NEW YORK (GenomeWeb News) – A team of researchers from the UK and Canada has sequenced the genome of Clostridium botulinum, the bacteria that produces botulinum neurotoxin and the causative agent of botulism.
The researchers published the results of their analysis last week in Genome Research. The genome contains a chromosome with 3.9 million base pairs and 3,650 predicted genes and a plasmid with 16,344 base pairs and 19 predicted genes.
The C. botulinum genome includes many genes that encode proteases and enzymes involved in uptake and metabolism of amino acids -- a not unexpected finding, given the fact that the organism obtains its nourishment from the decaying tissue of its host. “This pathogen relies on its toxin to rapidly kill a wide range of prey species, and to gain access to nutrient sources, it releases a large number of extracellular enzymes to soften and destroy rotting or decayed tissues,” the authors note in the paper.
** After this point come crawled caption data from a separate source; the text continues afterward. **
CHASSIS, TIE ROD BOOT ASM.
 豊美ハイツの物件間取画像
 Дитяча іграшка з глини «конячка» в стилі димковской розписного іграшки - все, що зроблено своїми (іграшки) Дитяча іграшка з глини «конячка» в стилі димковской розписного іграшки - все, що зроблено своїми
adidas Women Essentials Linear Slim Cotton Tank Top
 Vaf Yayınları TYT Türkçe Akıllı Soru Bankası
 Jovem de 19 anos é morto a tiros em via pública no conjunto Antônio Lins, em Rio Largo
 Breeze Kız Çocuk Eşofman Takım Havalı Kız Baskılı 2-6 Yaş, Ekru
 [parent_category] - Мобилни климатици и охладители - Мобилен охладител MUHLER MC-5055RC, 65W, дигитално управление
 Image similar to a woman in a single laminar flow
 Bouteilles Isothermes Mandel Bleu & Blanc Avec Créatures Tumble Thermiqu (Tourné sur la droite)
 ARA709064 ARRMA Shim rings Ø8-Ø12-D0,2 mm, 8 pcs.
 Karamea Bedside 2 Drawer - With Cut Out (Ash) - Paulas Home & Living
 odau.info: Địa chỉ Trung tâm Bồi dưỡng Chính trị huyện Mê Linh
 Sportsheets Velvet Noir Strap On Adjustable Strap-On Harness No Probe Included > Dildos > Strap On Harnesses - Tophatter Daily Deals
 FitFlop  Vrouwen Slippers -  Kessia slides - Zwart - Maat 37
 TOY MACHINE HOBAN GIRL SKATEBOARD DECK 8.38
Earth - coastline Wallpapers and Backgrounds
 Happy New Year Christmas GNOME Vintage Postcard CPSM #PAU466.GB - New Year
The authors also note that they identified “a hitherto unknown ability of C. botulinum to degrade chitin,” as well as a lack of recently acquired DNA, which indicates stable genomic content.
Researchers from the Wellcome Trust Sanger Institute; the UK’s Institute of Food Research; the Institute of Infection, Immunity and Inflammation at the School of Molecular Medical Sciences at the University of Nottingham, the School of Life Sciences at Heriot-Watt University, and the Bureau of Microbial Hazards at Health Canada contributed to the project.